Morrisons is the overwhelming first choice of suppliers in the battle to win control of Safeway.
Brand manufacturers and own label suppliers contacted by The Grocer expressed deep concerns about the power of Sainsbury and Wal-Mart/Asda should either succeed in a bid.
Both major global players and small local producers had the same reservations.
"Morrisons is the one we would like to do the deal in order to level the playing field," said one international packaged goods company.
"Four good size players are preferable to three much larger retailers asserting more influence.
"This would result in competitive disadvantages for the food manufacturer."
One small Scottish supplier agreed. "I would prefer to see Morrisons take it over. At the moment we do not have much clout. But it could be beneficial for us if Safeway got taken over as it is an opportunity to get greater coverage nationwide."
Morrisons has identified cost savings of at least £250m a year, of which £75m will come from better buying terms.
In its submission to the Office of Fair Trading this week the company said: "Suppliers will not be adversely affected; indeed smaller suppliers are likely to see higher sales from the merged group's commercial strategy."

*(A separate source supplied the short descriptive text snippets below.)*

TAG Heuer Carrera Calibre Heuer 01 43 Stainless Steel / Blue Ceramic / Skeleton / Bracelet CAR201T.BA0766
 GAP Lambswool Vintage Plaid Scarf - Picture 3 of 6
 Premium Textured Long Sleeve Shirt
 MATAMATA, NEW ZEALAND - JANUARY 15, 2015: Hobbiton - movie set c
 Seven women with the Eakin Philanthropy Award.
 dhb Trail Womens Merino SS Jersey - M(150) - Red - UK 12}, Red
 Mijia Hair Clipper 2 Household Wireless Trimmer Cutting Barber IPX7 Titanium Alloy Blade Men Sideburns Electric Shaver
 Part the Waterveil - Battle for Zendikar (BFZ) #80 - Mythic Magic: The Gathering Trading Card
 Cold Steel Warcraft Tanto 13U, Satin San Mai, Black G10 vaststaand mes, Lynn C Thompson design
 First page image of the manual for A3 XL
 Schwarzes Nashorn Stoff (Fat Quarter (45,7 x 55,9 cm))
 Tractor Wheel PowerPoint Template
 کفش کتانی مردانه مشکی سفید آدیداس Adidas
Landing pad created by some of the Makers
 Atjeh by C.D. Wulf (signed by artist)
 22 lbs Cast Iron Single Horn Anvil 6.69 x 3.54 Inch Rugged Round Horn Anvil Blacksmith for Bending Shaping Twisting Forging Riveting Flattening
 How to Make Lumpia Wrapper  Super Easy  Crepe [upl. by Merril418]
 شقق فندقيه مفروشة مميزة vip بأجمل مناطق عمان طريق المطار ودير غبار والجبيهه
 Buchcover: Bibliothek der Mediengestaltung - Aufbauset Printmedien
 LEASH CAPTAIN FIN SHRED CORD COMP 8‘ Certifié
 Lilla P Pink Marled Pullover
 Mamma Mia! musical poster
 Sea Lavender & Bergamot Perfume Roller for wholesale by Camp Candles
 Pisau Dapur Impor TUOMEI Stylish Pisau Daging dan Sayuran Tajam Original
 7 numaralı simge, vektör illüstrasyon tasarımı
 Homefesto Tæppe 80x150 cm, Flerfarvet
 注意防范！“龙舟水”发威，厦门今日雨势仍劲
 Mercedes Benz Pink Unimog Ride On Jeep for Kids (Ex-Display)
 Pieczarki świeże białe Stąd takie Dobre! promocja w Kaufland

In comparison Sainsbury believes it can deliver over £300m in synergies, with £125m coming from sourcing.
Chief executive Sir Peter Davis said he was confident that manufacturers and farmers would prefer a Sainsbury win. "I am absolutely sure most would want a bid for Sainsbury to succeed.
"We are not talking about taking four to three but strengthening the number two to put more pressure on Tesco."
Asda has yet to reveal details of the savings it expects should it go ahead and table a formal bid for Safeway.
This week suppliers were working out models based on all potential outcomes. A key issue is where offloaded stores will be located (see right). "We are especially strong in the north west and crossover here will be an issue for us," said one major brand owner.
Another thinks the likely outcome is acquisition by a private equity company and the subsequent break up of Safeway.
This looked more likely this week when Credit Suisse First Boston quit as Safeway's broker after 10 years, citing a potential conflict of interest.
This raised speculation it was working for another client, possibly US private equity giant Kohlberg Kravis Roberts.
As one supplier concluded: "What ever happens there will be inevitable pressure on margins and a retendering process."